Der Zinsüberschuss beispielsweise, eine wichtige Ertragssäule der Banken, sei über die gesamte Eurozone hinweg seit 2009 um sieben Prozent geschrumpft. "Nicht Geld aufnehmen, sondern Geld vorhalten kostet Zinsen. Sicherheit wird damit bestraft", so Cryan.

Der Deutsche-Bank-Chef fordert EZB-Präsident Mario Draghi zu einem Kurswechsel und einem Ausstieg aus den Minuszinsen auf. Es könne nicht sein, dass die Finanzaufseher höhere Sicherheitspolster von den Banken forderten, für diese zusätzlichen Reserven dann aber Strafzinsen verlangten.

Cryan ist bei Weitem nicht der erste Kritiker

Die EZB hatte den Leitzins, also den Zins, zu dem Geschäftsbanken kurzfristig Geld von der Zentralbank aufnehmen können, im März auf null gesenkt.
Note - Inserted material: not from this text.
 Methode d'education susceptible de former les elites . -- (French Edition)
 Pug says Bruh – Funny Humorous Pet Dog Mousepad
Die Zentralbank will mit dieser Maßnahme für mehr Investitionen und mehr Inflation sorgen - ein Ziel, das sie bislang jedoch nicht hat erreichen können.

Bundesfinanzminister Wolfgang Schäuble hat bereits vor Monaten ein absehbares Ende der Niedrigzinspolitik gefordert. "Für Deutschland ist eine lange Phase niedriger oder negativer Zinsen keine vernünftige Situation", sagte er.
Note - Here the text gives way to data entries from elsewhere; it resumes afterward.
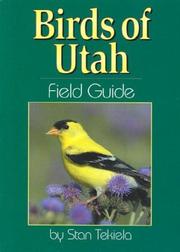 Cover of: Birds of Utah Field Guide (Our Nature Field Guides)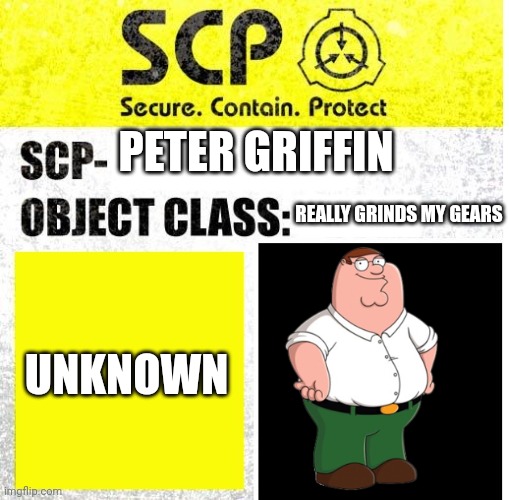 Haha Yes | PETER GRIFFIN; REALLY GRINDS MY GEARS; UNKNOWN | image tagged in scp sign generator | made w/ Imgflip meme maker
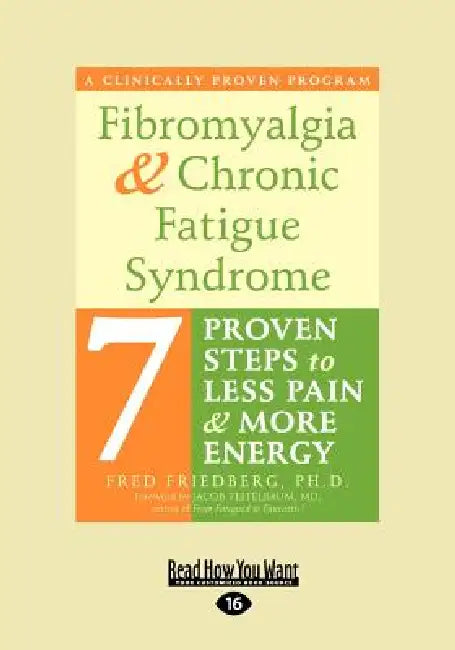 Fibromyalgia and Chronic Fatigue Syndrome (Large Print 16pt) by Fred Friedberg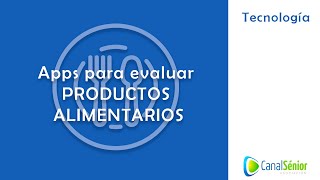 Apps para evaluar productos alimentarios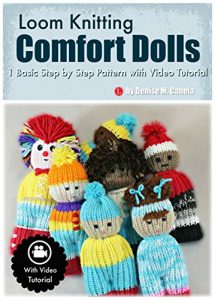 Download Loom Knitting Comfort Dolls: One Basic Step by Step Pattern with Video Tutorial pdf, epub, ebook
Ein weiterer Vorwurf an Mario Draghi lautet, dass er mit seiner Geldpolitik die deutschen Sparer enteigne. Diese Kritik wusste der EZB-Chef jedoch zu kontern. Die Anleger hätten es "mit ihren Anlage-Entscheidungen auch selbst in der Hand, wie hoch ihre Erträge ausfallen, auch in Zeiten niedriger Zinsen", sagte er Ende April. Man dürfe sein Geld halt nicht nur auf dem Sparbuch parken.